▶

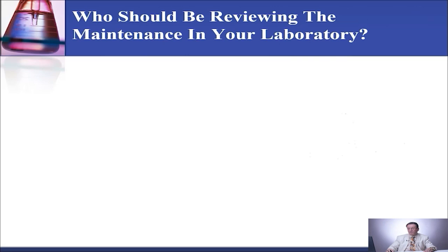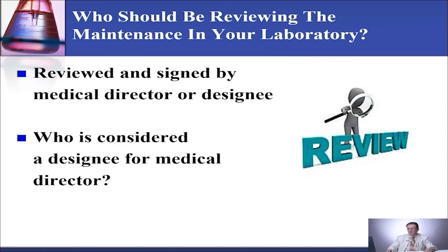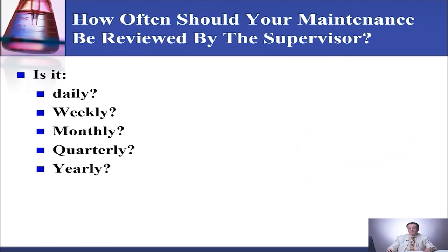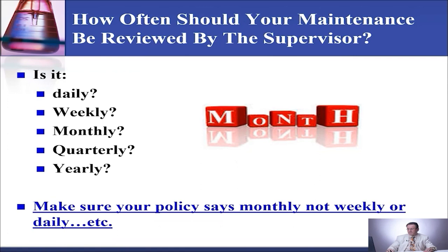Who should be reviewing the maintenance in your laboratory? It should be reviewed and signed by the medical director or the designee. A designee for the medical director for maintenance and QC can be the supervisor or the senior, but it needs to be delegated in writing. How often should your maintenance be reviewed? At least monthly. You need the medical director or designee to be reviewing the maintenance and dating it at least monthly. Make sure your policy says monthly, not weekly or daily. If you put in your SOP that you are going to review it weekly or daily, then you have to comply with it, otherwise you will be cited.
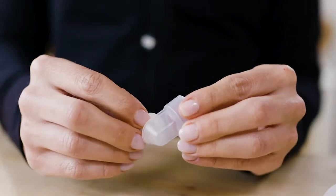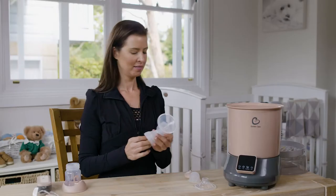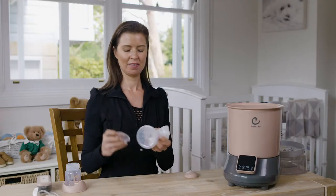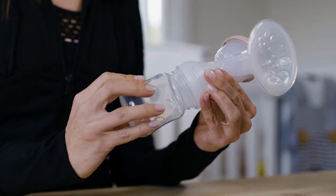Place the membrane onto the valve before attaching it to the base of the connector. Attach the massage cushion onto the breast shield and place the cylinder into the bottom cover. Attach the connector cap and screw on the feeding bottle.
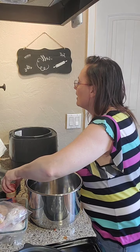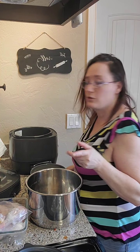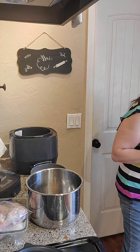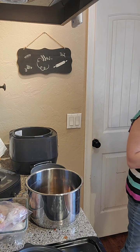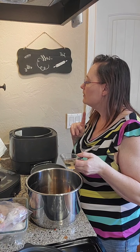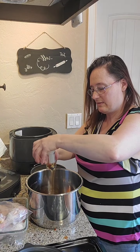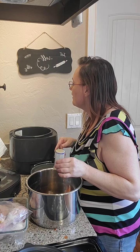Hi everyone, I am making chicken teriyaki with rice in my quick cooker tonight. First we are going to take a little bit of ginger — you can use fresh ginger and grate it up. We use a quarter cup of soy sauce, two teaspoons of rice cooking wine, two tablespoons of honey, and then we are going to put in our garlic.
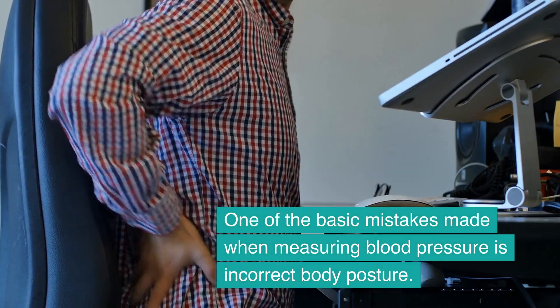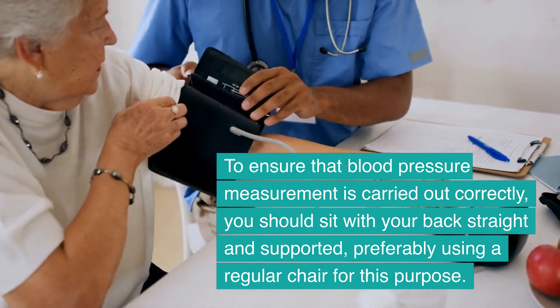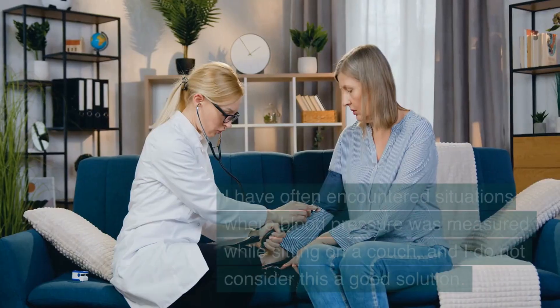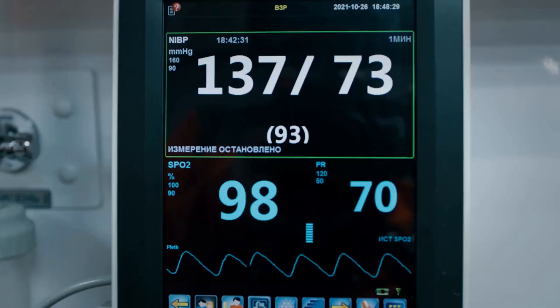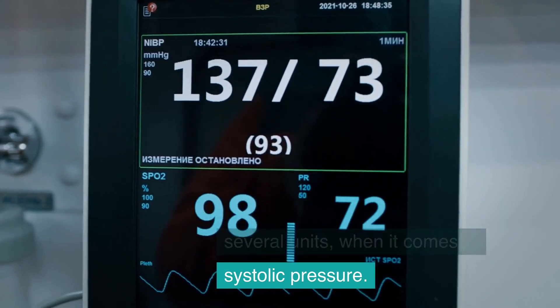One of the basic mistakes made when measuring blood pressure is incorrect body posture. To ensure that blood pressure measurement is carried out correctly, you should sit with your back straight and supported, preferably using a regular chair. A slightly hunched or unsupported back can give a result higher by even several units when it comes to systolic pressure.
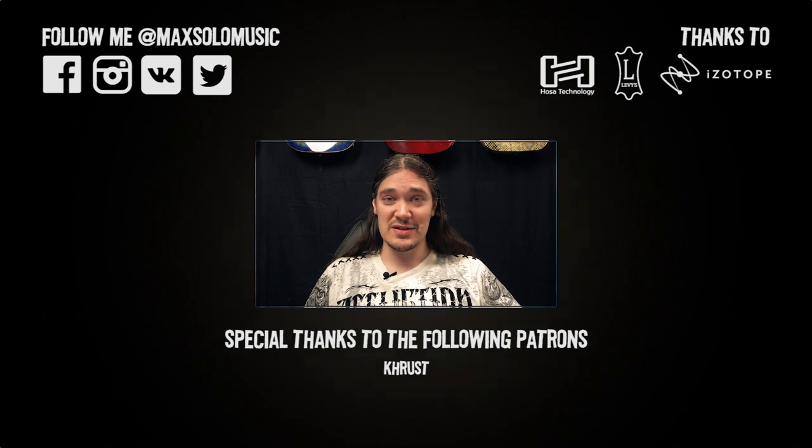Hit the button on the left and join the list. That's it for now — have a good day, and I'll see you soon.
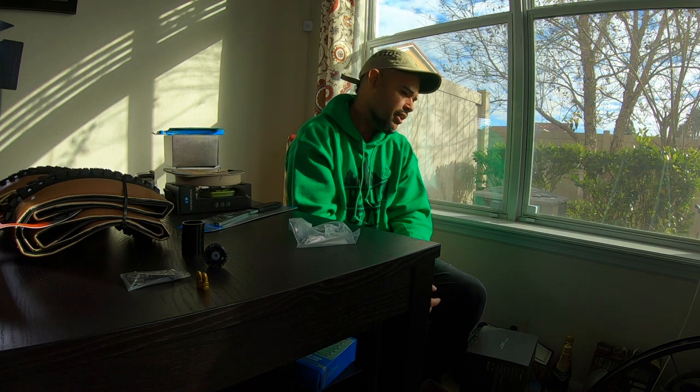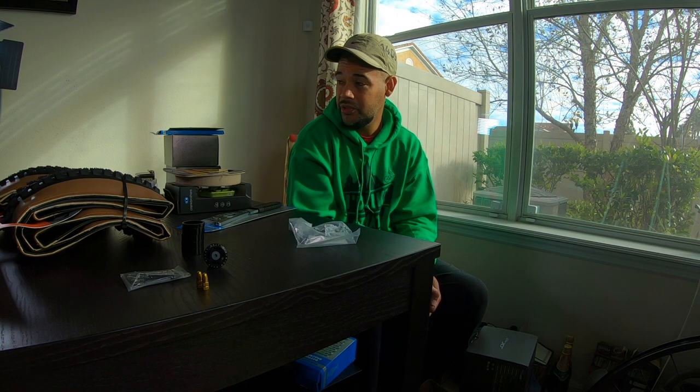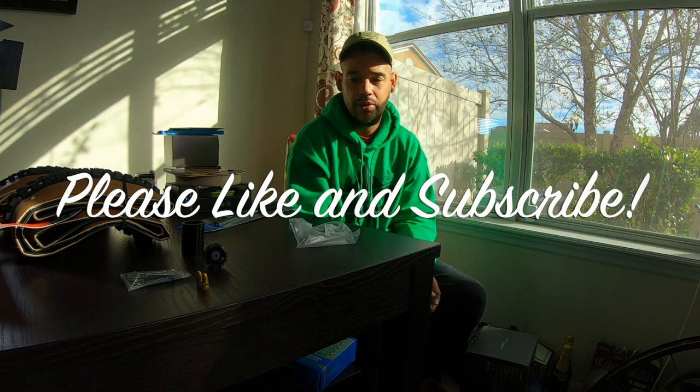I'll try to put links in the description to every item I went over — that's going to take a lot of time, so please like and subscribe. I'm not sure if this will be the last video before Christmas, but if it is, Merry Christmas — be safe, enjoy time with your family and friends, and I'll catch you on the next video.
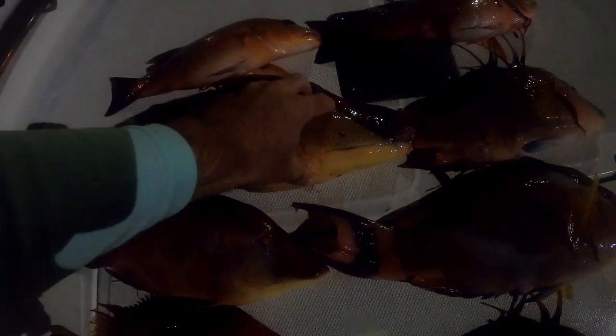Here's our catch of hogfish — we got six hogs. These ones were all big males, then we got a transitioning one and a female. And then two nice mangoes — we also caught other big mangoes but let them go. These are some nice quality hogfish.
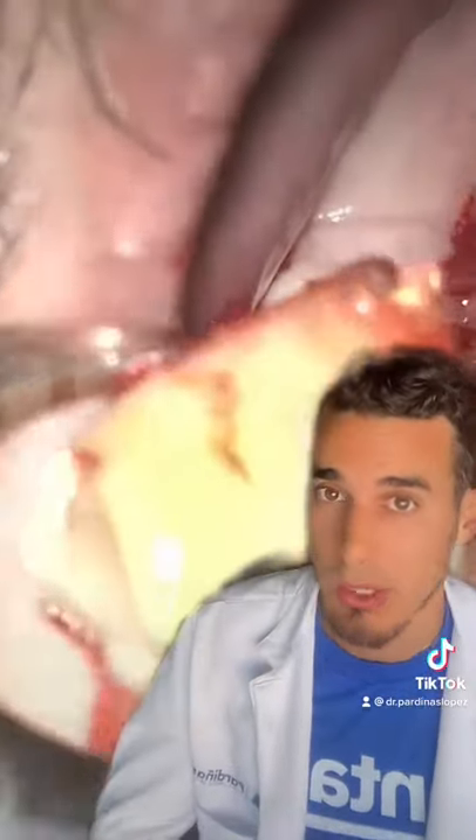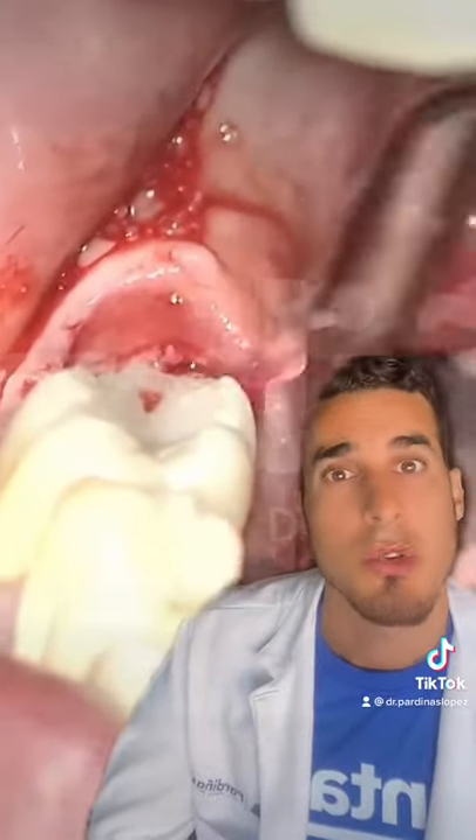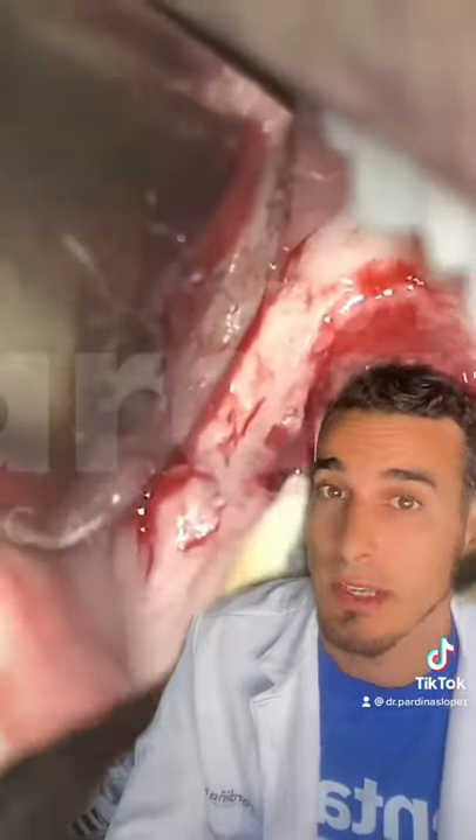After the tooth is extracted we're gonna scrape the socket with an instrument called curette to remove any possible infection. And to finish, the area is cleaned using saline solution.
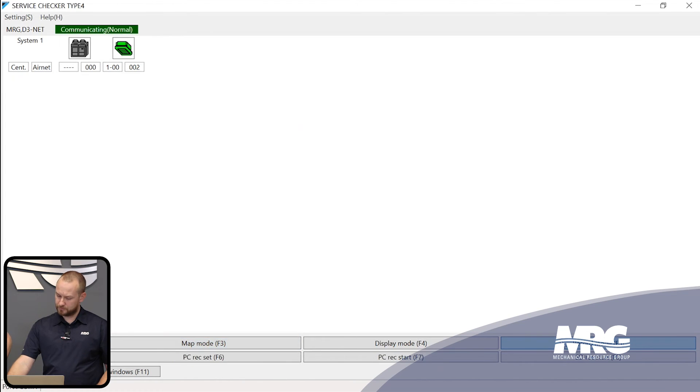Another key feature of the service checker is the ability to record data and leave it on site for review later — useful if you can't watch data live or if something is happening in the dead of the night. Come to Record Mode, then PC Record Start. You'll know recording is active when you see the red letters at the top. If you don't see the red letters, the service checker is not recording — you'll be very disappointed if you come back the next day and the data isn't there.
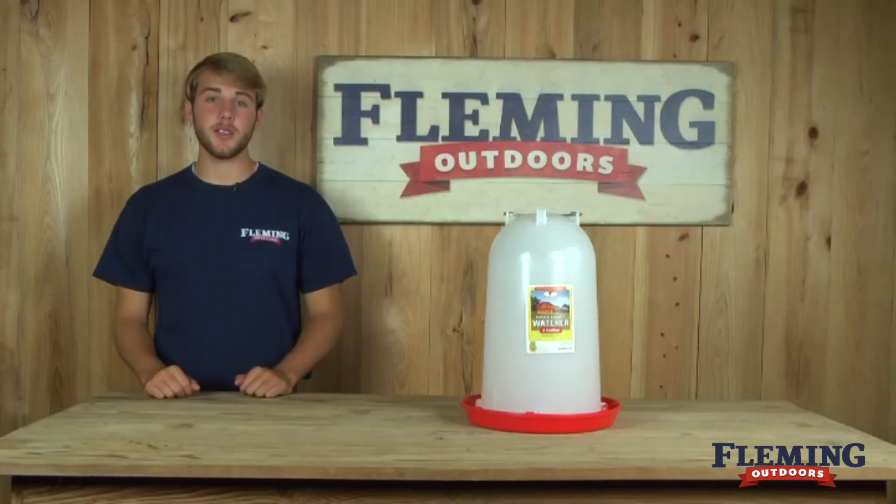If you have any questions about this product or any of our other products, please feel free to give us a call or check us out online at FlemingOutdoors.com.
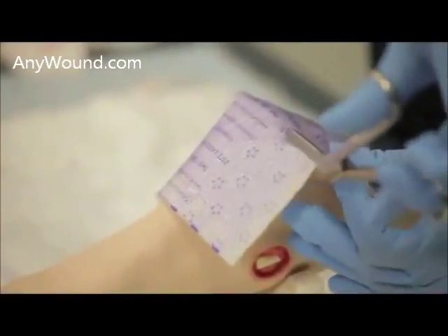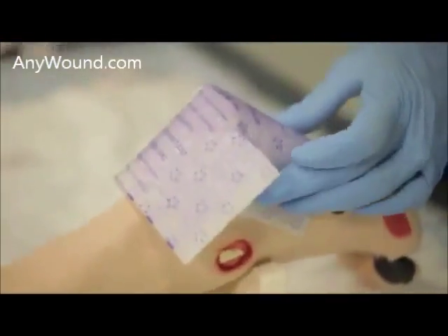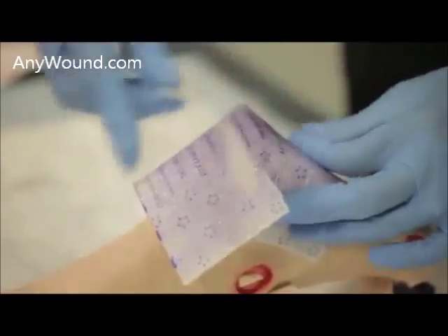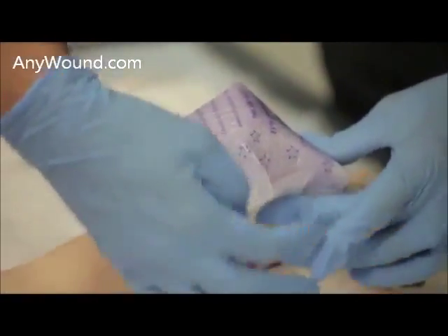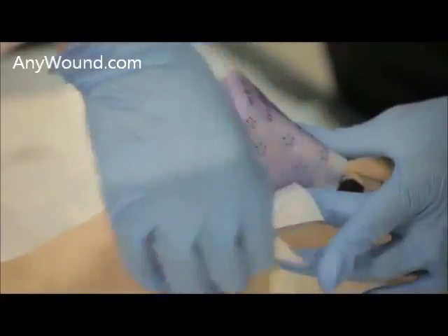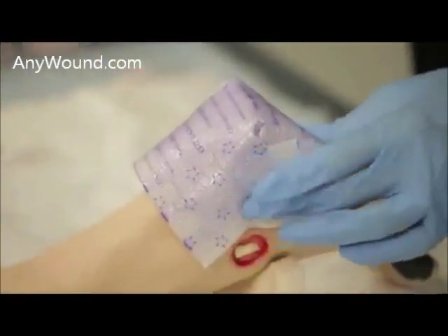You will also do the same thing on this side — folding this down, securing to the patient, and then securing the other side down as well.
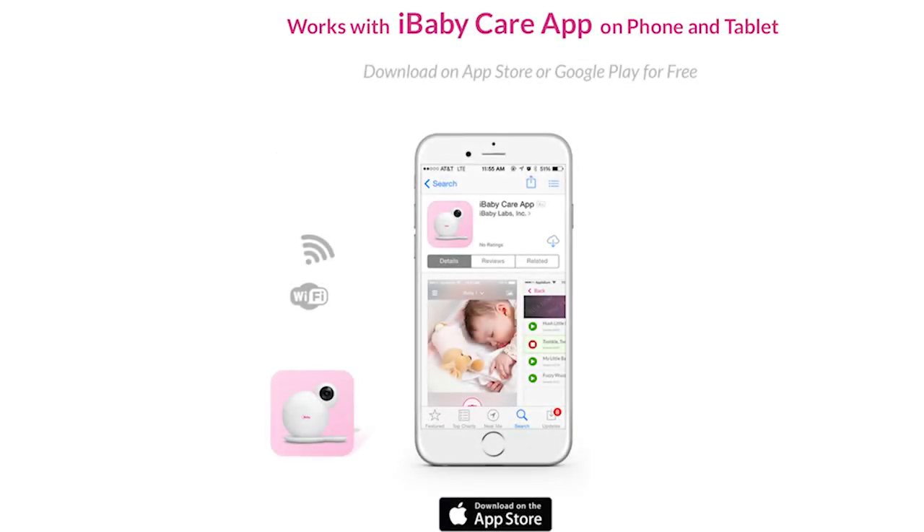Next, download the iBabyCare app from the App Store. If this is your first iBaby product, register and create an account.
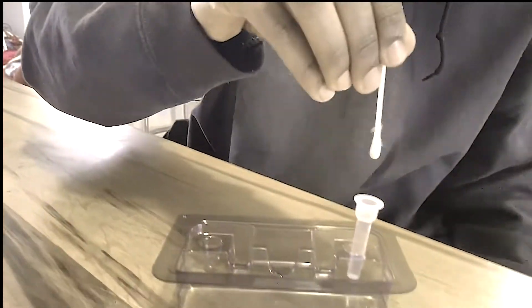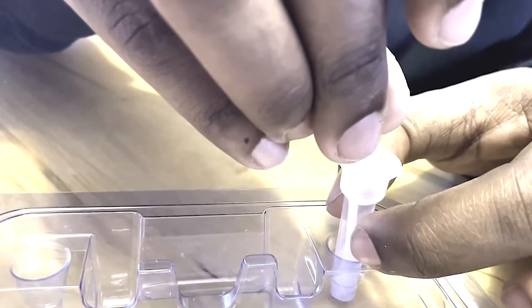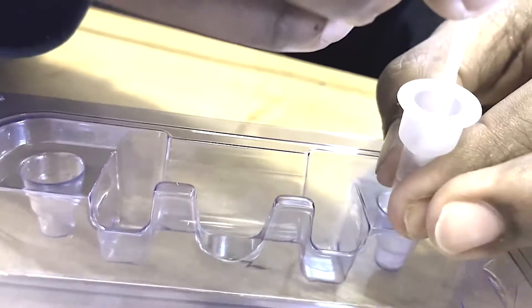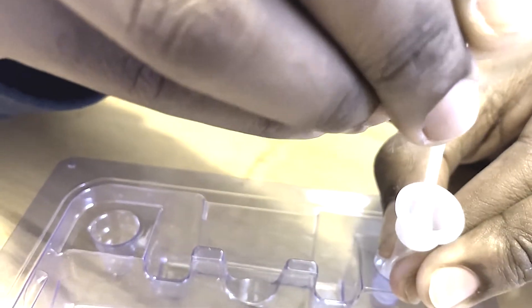Place the swab into the liquid and rotate the swab at least five times. Remove the swab by rotating it in the container and squeezing the sides of the container, getting as much liquid out of the swab as you can. Then throw the swab in the trash.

◀

■ The task: Return the data exactly. Do not carry over any images.

■ Answer area:
Who should be reviewing the maintenance in your laboratory? It should be reviewed and signed by the medical director or the designee. A designee for the medical director for maintenance and QC can be the supervisor or the senior, but it needs to be delegated in writing. How often should your maintenance be reviewed? At least monthly. You need the medical director or designee to be reviewing the maintenance and dating it at least monthly. Make sure your policy says monthly, not weekly or daily. If you put in your SOP that you are going to review it weekly or daily, then you have to comply with it, otherwise you will be cited.
Place the membrane onto the valve before attaching it to the base of the connector. Attach the massage cushion onto the breast shield and place the cylinder into the bottom cover. Attach the connector cap and screw on the feeding bottle.
Hi everyone, I am making chicken teriyaki with rice in my quick cooker tonight. First we are going to take a little bit of ginger — you can use fresh ginger and grate it up. We use a quarter cup of soy sauce, two teaspoons of rice cooking wine, two tablespoons of honey, and then we are going to put in our garlic.
One of the basic mistakes made when measuring blood pressure is incorrect body posture. To ensure that blood pressure measurement is carried out correctly, you should sit with your back straight and supported, preferably using a regular chair. A slightly hunched or unsupported back can give a result higher by even several units when it comes to systolic pressure.
Hit the button on the left and join the list. That's it for now — have a good day, and I'll see you soon.
I'll try to put links in the description to every item I went over — that's going to take a lot of time, so please like and subscribe. I'm not sure if this will be the last video before Christmas, but if it is, Merry Christmas — be safe, enjoy time with your family and friends, and I'll catch you on the next video.
Here's our catch of hogfish — we got six hogs. These ones were all big males, then we got a transitioning one and a female. And then two nice mangoes — we also caught other big mangoes but let them go. These are some nice quality hogfish.
After the tooth is extracted we're gonna scrape the socket with an instrument called curette to remove any possible infection. And to finish, the area is cleaned using saline solution.
Another key feature of the service checker is the ability to record data and leave it on site for review later — useful if you can't watch data live or if something is happening in the dead of the night. Come to Record Mode, then PC Record Start. You'll know recording is active when you see the red letters at the top. If you don't see the red letters, the service checker is not recording — you'll be very disappointed if you come back the next day and the data isn't there.
If you have any questions about this product or any of our other products, please feel free to give us a call or check us out online at FlemingOutdoors.com.
You will also do the same thing on this side — folding this down, securing to the patient, and then securing the other side down as well.
Next, download the iBabyCare app from the App Store. If this is your first iBaby product, register and create an account.
Place the swab into the liquid and rotate the swab at least five times. Remove the swab by rotating it in the container and squeezing the sides of the container, getting as much liquid out of the swab as you can. Then throw the swab in the trash.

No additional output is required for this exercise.